- Theatrical release poster
- Directed by: Vihan Suryavanshi
- Written by: Vihan Suryavanshi Kartik Krishnan
- Screenplay by: Vihan Suryavanshi & Kartik Krishnan
- Produced by: Mannan Shaah
- Starring: Karan Parab Kunal Shukla Aayushi Bhave Sana Prabhu Mugdha Chaphekar Hemal Ingle Ajit Pawar
- Cinematography: Santosh Reddy
- Edited by: Gorakshnath Khande
- Music by: Mujeeb Majeed
- Production company: ACE Entertainment
- Distributed by: AA Films
- Release date: 16 September 2022;
- Running time: 169 minutes
- Country: India
- Language: Marathi
- Box office: est.₹3.72 crore

= Roop Nagar Ke Cheetey =

Roop Nagar Ke Cheetey is an Indian Marathi language drama film directed by Vihan Suryavanshi and produced by Mannan Shaah under the banner of ACE Entertainment. The film stars Karan Parab, Kunal Shukla, Aayushi Bhave, Sana Prabhu, Mugdha Chaphekar and Hemal Ingle. The film was released on 16 September 2022.

== Synopsis ==
It depicts the journey of two childhood friends and their contrasting lives in two different cities after an incident. It presents some neglected aspects of friendship that have never been explored before.

== Cast ==
- Karan Parab as Akhil
- Kunal Shukla as Girish
- Hemal Ingle as Devika
- Aayushi Bhave as Maya
- Mugdha Chaphekar as Kshipra
- Sana Prabhu as Rati
- Akshay Kelkar as Sarang
- Saorabh Rajnish Choughule as Jagan
- Onkar Bhojane as Professor
- Rajit Kapur as Jatin
- Tanvika Parlikar as Smita
- Ajit Pawar

== Production and marketing ==
A news report published by The Indian Express in December 2013 suggests that the film was announced back in 2013. The film's title is derived from a popular dialogue, 'Hum Roop Nagar Ke Cheetey Hain, Shikaar Par Hi Jeete Hain', of a 1990s Bollywood movie. It was announced as a Marathi-language film by its producer Mannan Shaah by sharing the film's motion poster on Instagram in January 2021. The shooting of the film was started in February 2021. The film was also shot in Pune, Maharashtra and Bangalore, Karnataka.
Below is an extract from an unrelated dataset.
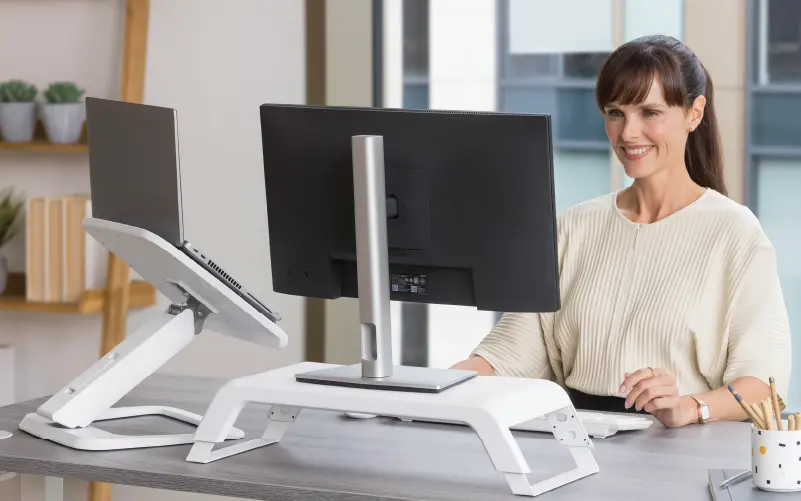 Woman looking at a monitor that sits on a monitor riser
The first teaser of the film was released on YouTube in July 2022. The film's trailer was released on 2 September 2022, in YouTube. It is released on 16 September 2022.

== Soundtrack ==

The film score is composed by Mujeeb Majeed while the songs featured in the film are composed by Mannan Shaah and Shaan Rahman, lyrics by Jai Atre and songs sung by Adarsh Shinde, Saurabh Salunke, Gowry Lekshmi, Narayani Gopan, Shaan Rahman and Sunidhi Chauhan.

Track listing
| No. | Title | Lyrics | Singer(s) | Length |
|---|---|---|---|---|
| 1. | "Houn Jau De" | Jai Atre | Adarsh Shinde, Saurabh Salunke | 5:04 |
| 2. | "Mudda Asa" | Jai Atre | Gowry Lekshmi, Narayani Gopan | 4:20 |
| 3. | "Takladu" | Jai Atre | Narayani Gopan | 4:01 |
| 4. | "Thambli Kashi Kahani" | Jai Atre | Sunidhi Chauhan | 3:51 |
| 5. | "Houn Zaau De (reprise version)" | Jai Atre | Adarsh Shinde | 5:08 |
| Total length: |  |  |  | 22:40 |

== Reception ==
===Critical reception===
Sanjay Ghavare of Marathi newspaper Lokmat praises the performance of actors, cinematography and eye-catching locations of the film. The film's writing and direction were also praised. Anub George of The Times of India gave it 3.5 out of 5 stars, calling the film ‘surprises you with its nuanced approach toward storytelling.’ The film was rated 2.5 out of 5 by Jaydeep Pathakji, a film critic who writes for newspaper Maharashtra Times.